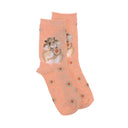 Wrendale Designs Ladies Diet Starts Tomorrow Socks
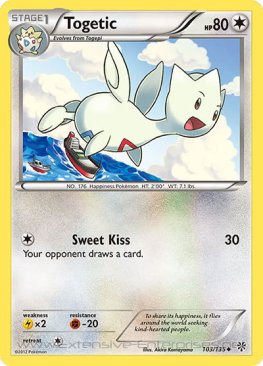 Togetic (#103)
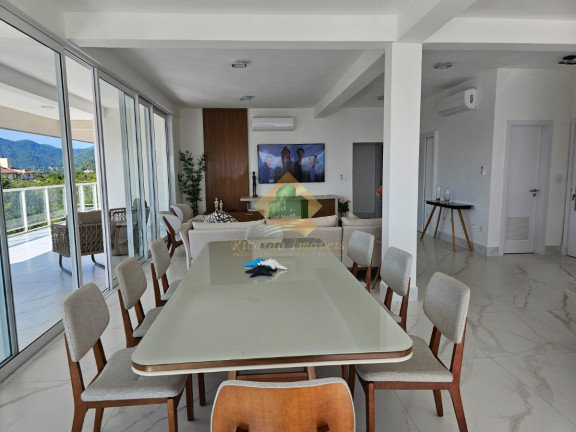 Imagem Cobertura com 3 Quartos à Venda, 500 m² em Barra Da Lagoa - Ubatuba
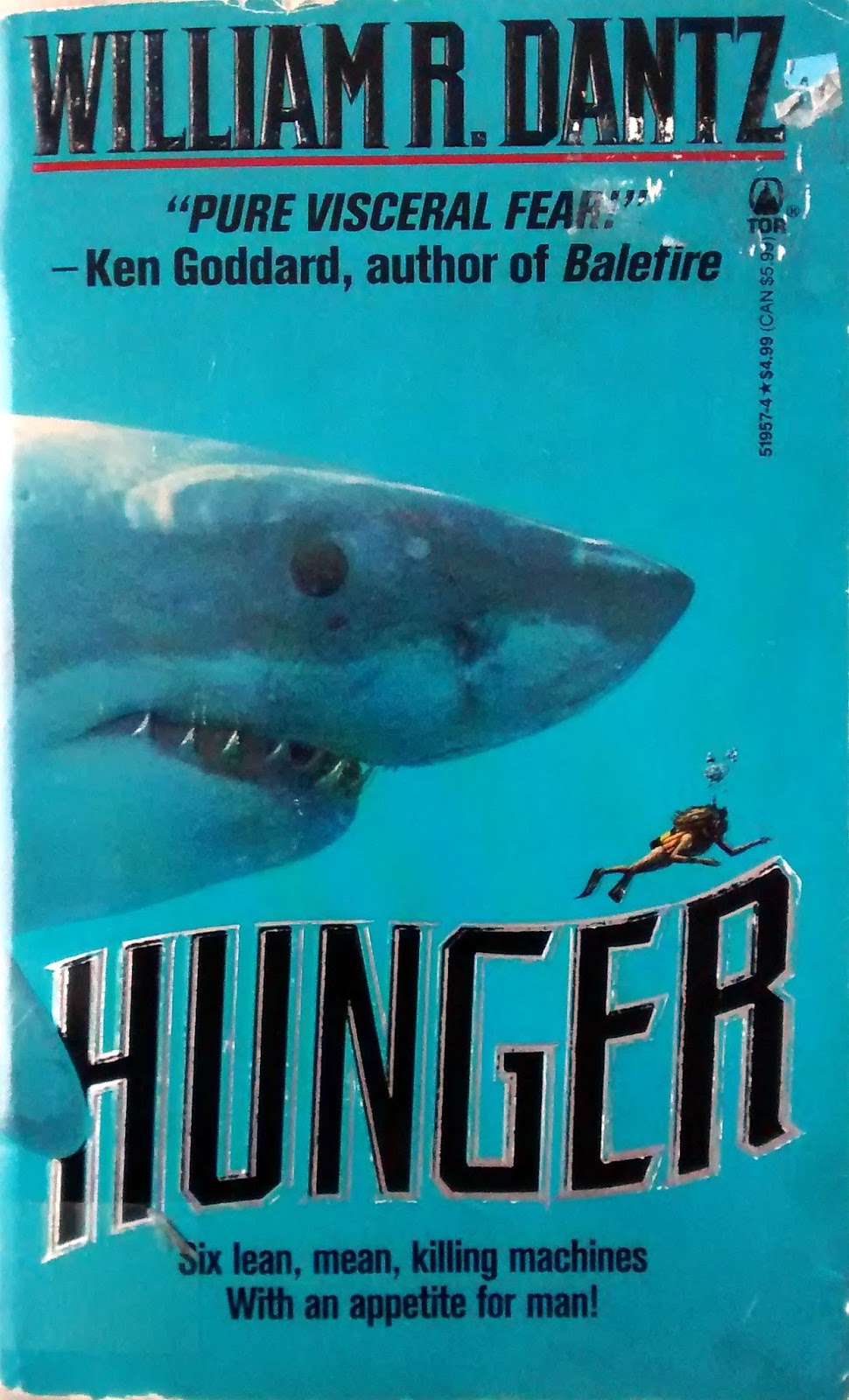 How long has rodman philbrick been writing books picture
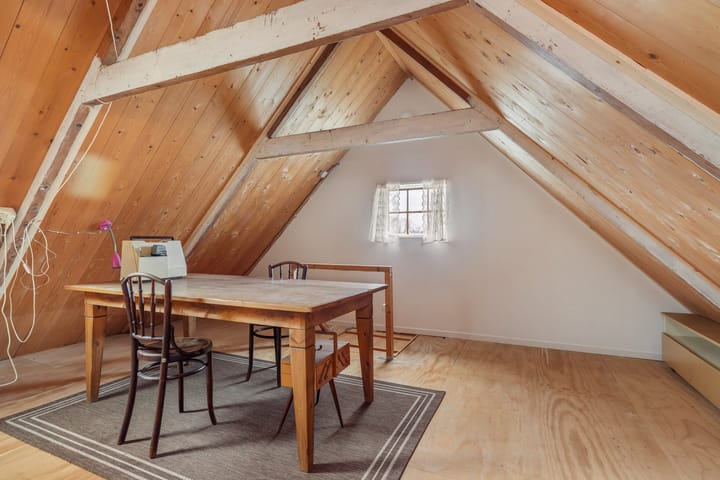 Photo 29 of Franekerkade 19-A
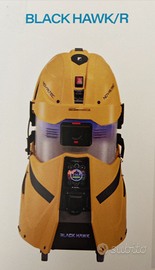 Generatore di vapore professionale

WHAT IS REQUIRED: Return, exactly as they appear, the lines from the line containing "Imagem Cobertura com" through the end of the records above, both ends included, without pictures.

RESULT OF THIS EXERCISE:
 Imagem Cobertura com 3 Quartos à Venda, 500 m² em Barra Da Lagoa - Ubatuba
 How long has rodman philbrick been writing books picture
 Photo 29 of Franekerkade 19-A
 Generatore di vapore professionale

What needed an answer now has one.